##### Exercise data

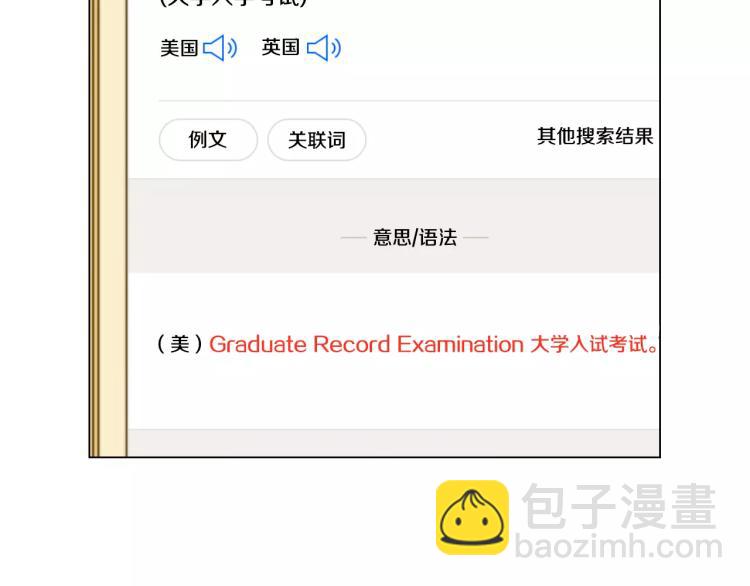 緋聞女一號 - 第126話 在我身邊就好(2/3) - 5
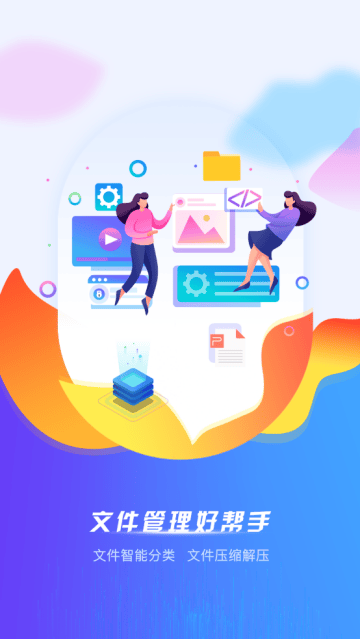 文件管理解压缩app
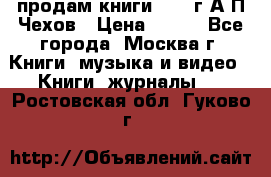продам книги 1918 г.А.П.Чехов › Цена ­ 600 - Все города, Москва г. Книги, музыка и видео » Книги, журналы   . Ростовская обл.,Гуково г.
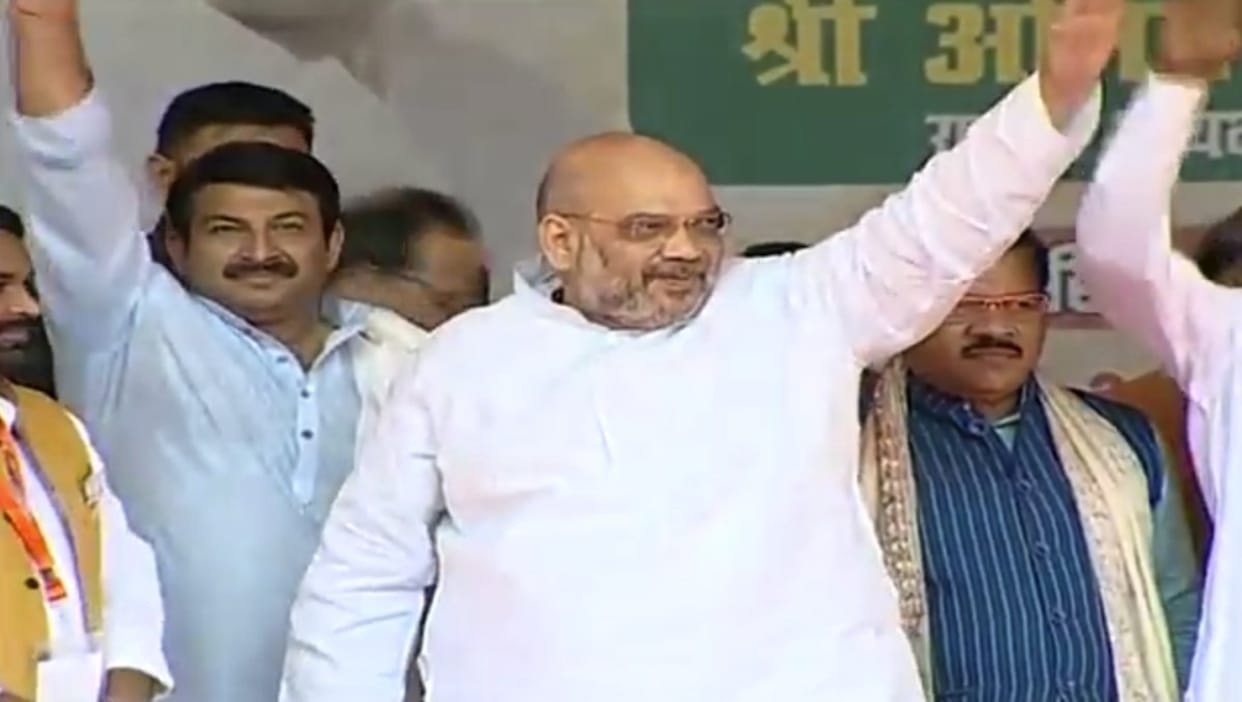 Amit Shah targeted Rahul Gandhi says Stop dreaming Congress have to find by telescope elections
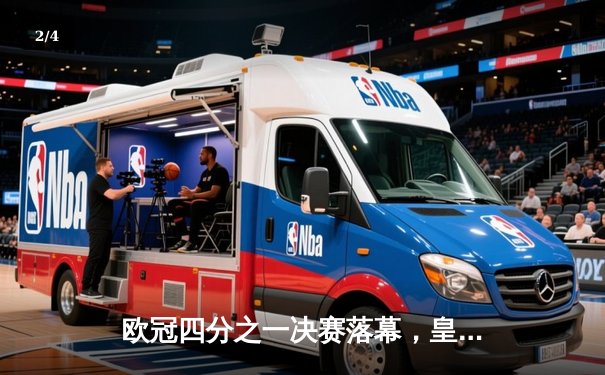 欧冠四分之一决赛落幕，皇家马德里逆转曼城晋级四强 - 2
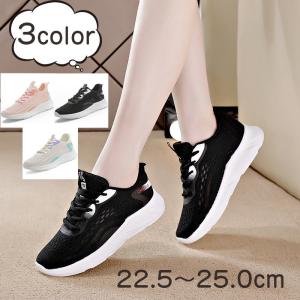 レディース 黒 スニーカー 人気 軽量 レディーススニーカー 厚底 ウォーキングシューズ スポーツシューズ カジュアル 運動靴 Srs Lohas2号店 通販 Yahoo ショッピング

##########
##### Exercise data

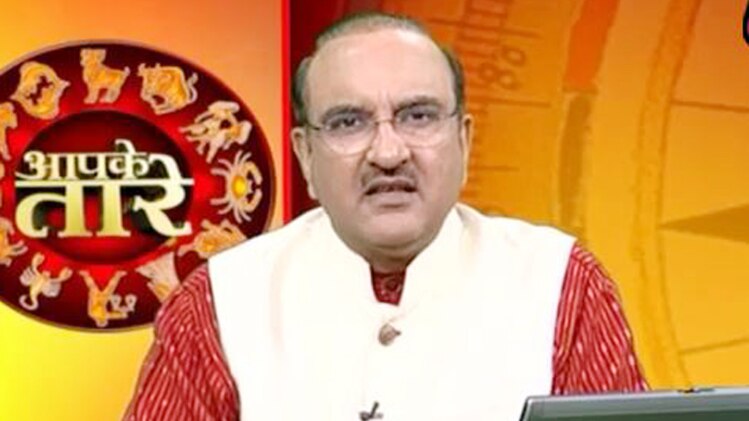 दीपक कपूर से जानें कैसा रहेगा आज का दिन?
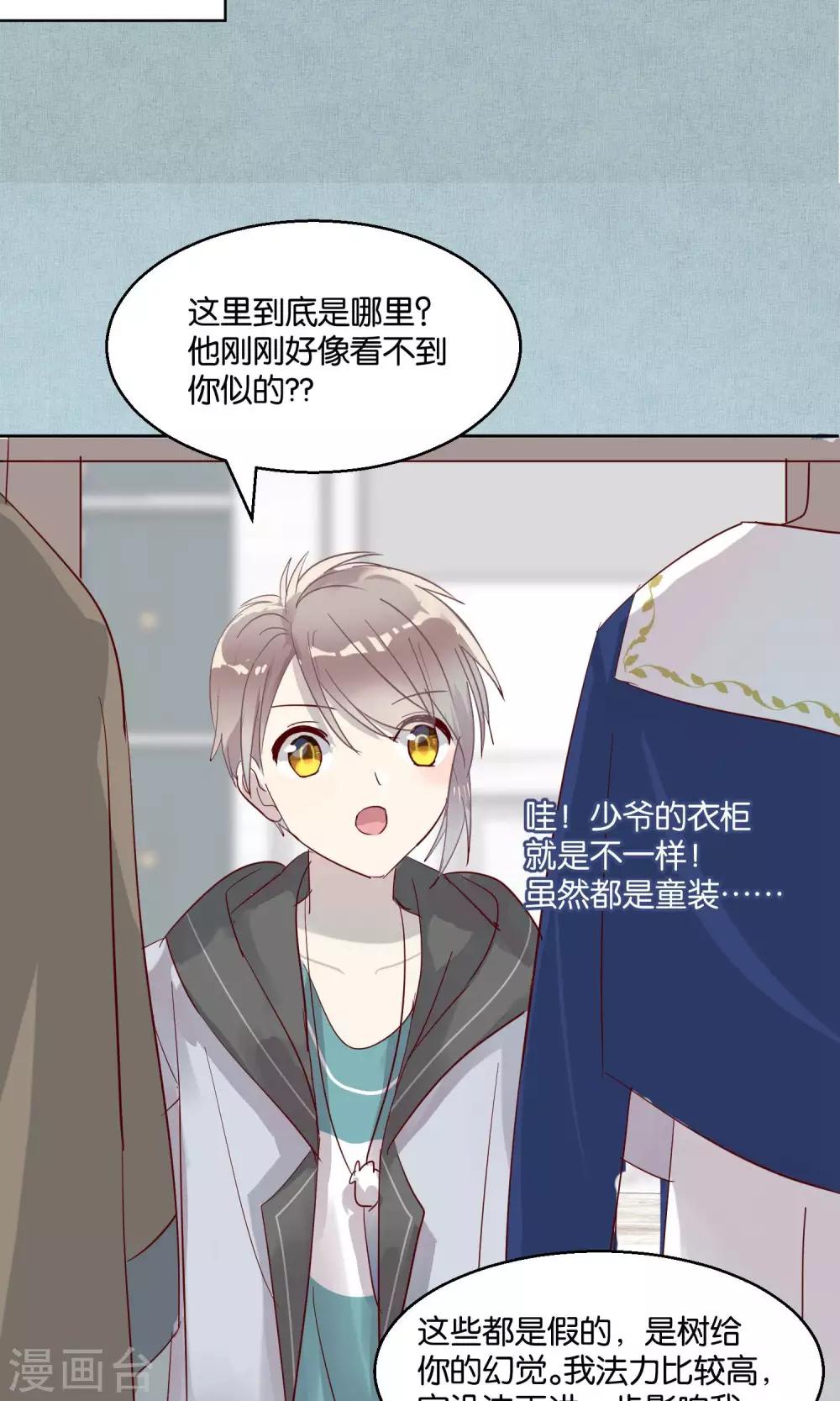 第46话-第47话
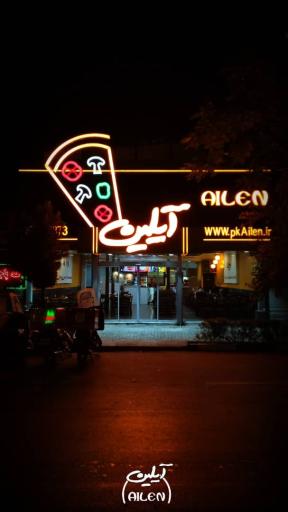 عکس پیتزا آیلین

##########

- [Try it]
Your answer should be the lines above, word for word, from the line with "緋聞女一號 - 第126話 在我身邊就好(2/3) - 5" through the line with "レディース 黒 スニーカー", minus the pictures.

- [Output below]
 緋聞女一號 - 第126話 在我身邊就好(2/3) - 5
 文件管理解压缩app
продам книги 1918 г.А.П.Чехов › Цена ­ 600 - Все города, Москва г. Книги, музыка и видео » Книги, журналы   . Ростовская обл.,Гуково г.
 Amit Shah targeted Rahul Gandhi says Stop dreaming Congress have to find by telescope elections
 欧冠四分之一决赛落幕，皇家马德里逆转曼城晋级四强 - 2
 レディース 黒 スニーカー 人気 軽量 レディーススニーカー 厚底 ウォーキングシューズ スポーツシューズ カジュアル 運動靴 Srs Lohas2号店 通販 Yahoo ショッピング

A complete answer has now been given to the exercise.